Below are entries; work out how many of their lines include the string "Suites", and reply with the number only.

**The data**.
= Beginning of Section =

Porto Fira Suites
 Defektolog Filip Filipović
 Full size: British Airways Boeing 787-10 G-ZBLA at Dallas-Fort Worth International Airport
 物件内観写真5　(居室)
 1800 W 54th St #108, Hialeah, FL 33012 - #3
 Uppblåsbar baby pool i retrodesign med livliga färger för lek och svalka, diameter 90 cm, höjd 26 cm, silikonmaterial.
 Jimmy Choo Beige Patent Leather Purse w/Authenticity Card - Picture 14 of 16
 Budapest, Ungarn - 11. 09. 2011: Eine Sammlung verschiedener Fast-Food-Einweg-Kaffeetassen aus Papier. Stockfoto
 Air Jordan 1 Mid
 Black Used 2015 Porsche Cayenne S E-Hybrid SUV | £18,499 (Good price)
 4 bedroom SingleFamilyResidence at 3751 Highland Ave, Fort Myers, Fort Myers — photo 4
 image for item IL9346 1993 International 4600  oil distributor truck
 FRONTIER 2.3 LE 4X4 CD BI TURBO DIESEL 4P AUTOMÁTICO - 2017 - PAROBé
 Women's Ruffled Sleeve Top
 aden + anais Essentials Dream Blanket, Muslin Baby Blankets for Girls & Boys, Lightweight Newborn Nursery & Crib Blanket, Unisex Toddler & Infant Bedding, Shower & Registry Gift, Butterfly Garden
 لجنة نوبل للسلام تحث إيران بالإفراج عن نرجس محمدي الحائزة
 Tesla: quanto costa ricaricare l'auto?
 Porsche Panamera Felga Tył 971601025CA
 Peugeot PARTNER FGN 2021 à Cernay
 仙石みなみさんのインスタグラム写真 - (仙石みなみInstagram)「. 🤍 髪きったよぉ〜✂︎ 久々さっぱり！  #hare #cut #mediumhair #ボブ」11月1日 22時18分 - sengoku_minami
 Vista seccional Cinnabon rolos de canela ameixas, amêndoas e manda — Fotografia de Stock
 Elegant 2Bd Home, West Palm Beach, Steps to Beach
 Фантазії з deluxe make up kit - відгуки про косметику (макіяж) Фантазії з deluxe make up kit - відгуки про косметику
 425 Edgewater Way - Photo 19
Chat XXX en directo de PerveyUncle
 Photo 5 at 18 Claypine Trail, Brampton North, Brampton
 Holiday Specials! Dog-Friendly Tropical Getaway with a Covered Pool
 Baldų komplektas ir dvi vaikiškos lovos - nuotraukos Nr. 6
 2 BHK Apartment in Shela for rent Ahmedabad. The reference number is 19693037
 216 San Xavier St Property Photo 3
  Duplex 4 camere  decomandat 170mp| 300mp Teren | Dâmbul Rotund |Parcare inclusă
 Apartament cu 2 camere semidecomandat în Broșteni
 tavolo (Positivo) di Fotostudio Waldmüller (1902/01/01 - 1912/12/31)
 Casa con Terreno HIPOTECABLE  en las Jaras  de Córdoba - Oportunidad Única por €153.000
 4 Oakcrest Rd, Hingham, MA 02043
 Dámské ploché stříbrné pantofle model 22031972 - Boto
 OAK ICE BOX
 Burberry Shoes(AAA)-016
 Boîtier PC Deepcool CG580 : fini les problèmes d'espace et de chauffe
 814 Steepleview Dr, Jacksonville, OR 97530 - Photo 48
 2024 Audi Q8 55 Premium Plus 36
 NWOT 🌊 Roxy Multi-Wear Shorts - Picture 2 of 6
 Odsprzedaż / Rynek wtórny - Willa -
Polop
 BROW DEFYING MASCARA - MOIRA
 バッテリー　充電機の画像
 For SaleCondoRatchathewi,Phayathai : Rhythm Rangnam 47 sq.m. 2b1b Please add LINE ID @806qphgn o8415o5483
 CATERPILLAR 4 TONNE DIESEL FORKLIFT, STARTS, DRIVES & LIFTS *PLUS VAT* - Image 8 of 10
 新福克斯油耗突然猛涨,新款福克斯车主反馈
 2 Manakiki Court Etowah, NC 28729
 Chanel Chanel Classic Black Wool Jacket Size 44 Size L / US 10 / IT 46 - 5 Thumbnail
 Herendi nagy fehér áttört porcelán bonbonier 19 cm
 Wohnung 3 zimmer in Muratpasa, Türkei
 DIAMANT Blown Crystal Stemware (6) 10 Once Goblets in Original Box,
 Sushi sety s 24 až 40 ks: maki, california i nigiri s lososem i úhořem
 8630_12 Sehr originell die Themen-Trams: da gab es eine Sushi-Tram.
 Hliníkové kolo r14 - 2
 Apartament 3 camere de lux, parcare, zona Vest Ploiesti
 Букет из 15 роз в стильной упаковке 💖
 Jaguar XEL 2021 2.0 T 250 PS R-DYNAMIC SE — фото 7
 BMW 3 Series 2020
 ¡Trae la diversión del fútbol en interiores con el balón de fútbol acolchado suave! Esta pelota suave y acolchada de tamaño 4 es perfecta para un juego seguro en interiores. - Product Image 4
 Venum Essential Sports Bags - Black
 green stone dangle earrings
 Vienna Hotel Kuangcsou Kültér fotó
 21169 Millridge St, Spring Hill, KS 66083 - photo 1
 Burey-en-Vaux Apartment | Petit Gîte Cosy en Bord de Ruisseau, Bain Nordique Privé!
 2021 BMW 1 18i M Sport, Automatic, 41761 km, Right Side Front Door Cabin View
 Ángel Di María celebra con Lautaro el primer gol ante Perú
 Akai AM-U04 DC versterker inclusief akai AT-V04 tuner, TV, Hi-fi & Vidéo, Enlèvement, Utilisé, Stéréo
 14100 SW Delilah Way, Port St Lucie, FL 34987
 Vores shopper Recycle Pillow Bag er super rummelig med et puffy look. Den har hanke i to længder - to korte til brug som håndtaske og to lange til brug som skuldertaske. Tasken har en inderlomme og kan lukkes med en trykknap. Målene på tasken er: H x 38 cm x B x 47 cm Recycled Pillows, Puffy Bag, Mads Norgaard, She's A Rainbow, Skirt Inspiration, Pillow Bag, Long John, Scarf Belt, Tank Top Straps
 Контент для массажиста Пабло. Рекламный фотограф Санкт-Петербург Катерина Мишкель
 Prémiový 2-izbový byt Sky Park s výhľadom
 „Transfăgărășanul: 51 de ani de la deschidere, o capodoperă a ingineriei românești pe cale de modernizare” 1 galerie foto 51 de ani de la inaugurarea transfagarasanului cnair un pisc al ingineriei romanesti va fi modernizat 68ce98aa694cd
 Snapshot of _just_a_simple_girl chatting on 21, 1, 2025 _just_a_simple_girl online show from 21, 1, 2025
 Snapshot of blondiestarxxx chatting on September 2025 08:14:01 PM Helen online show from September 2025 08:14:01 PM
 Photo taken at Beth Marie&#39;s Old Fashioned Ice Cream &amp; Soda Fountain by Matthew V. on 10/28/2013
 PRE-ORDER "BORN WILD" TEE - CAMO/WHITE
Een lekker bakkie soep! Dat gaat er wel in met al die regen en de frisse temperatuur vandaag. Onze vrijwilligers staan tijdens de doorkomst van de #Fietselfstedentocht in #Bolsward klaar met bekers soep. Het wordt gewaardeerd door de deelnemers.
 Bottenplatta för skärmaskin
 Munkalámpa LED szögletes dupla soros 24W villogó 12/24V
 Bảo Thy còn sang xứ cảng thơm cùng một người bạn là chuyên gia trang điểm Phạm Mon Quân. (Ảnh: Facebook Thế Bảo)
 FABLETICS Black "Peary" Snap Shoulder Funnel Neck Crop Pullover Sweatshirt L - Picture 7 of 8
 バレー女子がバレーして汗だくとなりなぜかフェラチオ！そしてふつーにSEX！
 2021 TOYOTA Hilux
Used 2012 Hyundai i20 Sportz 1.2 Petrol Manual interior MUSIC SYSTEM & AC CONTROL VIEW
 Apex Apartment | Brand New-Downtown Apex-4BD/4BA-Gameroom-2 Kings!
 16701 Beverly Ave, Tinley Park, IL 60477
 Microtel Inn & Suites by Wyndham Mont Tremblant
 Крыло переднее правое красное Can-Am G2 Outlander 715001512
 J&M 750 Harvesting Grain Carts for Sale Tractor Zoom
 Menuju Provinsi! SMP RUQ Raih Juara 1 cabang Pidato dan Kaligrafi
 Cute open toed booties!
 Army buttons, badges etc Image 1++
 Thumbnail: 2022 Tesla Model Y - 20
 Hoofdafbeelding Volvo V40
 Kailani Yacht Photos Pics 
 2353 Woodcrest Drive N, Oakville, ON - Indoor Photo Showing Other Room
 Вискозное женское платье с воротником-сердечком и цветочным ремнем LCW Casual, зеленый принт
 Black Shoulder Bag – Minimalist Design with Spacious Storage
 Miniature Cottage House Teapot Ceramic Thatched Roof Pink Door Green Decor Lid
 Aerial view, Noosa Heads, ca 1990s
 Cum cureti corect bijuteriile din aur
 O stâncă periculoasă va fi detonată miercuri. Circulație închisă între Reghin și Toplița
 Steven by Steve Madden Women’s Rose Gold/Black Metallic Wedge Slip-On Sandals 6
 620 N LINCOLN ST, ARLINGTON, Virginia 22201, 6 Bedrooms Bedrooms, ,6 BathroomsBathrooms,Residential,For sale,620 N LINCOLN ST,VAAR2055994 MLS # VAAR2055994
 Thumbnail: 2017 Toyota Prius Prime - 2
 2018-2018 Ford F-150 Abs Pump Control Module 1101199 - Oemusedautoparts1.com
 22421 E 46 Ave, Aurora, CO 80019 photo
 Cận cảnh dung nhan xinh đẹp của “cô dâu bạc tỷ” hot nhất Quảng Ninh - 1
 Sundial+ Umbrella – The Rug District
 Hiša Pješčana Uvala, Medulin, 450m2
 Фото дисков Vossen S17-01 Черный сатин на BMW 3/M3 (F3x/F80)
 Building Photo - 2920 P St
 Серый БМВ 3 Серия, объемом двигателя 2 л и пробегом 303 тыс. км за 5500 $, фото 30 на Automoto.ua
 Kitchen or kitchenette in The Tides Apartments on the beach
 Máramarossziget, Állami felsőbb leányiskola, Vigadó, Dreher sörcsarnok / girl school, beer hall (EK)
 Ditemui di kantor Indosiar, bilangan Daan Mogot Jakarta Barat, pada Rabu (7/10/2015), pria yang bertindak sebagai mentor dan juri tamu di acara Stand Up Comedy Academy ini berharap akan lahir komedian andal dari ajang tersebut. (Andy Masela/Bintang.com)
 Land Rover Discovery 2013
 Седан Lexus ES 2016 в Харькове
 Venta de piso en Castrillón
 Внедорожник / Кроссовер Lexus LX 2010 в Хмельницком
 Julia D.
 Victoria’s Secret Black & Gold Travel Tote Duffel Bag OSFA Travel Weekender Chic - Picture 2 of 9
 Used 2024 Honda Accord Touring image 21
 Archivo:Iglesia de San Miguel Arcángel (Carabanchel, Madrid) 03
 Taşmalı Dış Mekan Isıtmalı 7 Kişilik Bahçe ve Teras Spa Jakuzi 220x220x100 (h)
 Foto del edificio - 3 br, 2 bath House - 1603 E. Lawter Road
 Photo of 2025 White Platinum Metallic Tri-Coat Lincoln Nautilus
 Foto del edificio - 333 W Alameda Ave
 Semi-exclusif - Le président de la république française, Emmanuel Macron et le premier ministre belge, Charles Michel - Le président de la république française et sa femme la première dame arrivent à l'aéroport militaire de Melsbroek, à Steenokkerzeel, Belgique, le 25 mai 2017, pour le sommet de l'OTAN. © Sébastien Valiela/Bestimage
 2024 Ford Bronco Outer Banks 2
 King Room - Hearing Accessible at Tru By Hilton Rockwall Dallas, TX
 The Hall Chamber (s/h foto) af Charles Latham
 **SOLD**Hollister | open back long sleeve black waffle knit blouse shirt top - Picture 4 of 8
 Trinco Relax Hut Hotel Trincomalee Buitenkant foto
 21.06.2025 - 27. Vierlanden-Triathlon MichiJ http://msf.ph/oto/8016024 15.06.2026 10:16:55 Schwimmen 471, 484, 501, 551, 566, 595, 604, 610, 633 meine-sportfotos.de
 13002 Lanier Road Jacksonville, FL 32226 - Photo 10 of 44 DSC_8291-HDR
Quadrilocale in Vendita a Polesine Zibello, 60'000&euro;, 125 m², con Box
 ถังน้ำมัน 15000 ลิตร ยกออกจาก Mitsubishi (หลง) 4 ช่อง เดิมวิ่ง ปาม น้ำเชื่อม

= End of Section =

**Answer below**.
2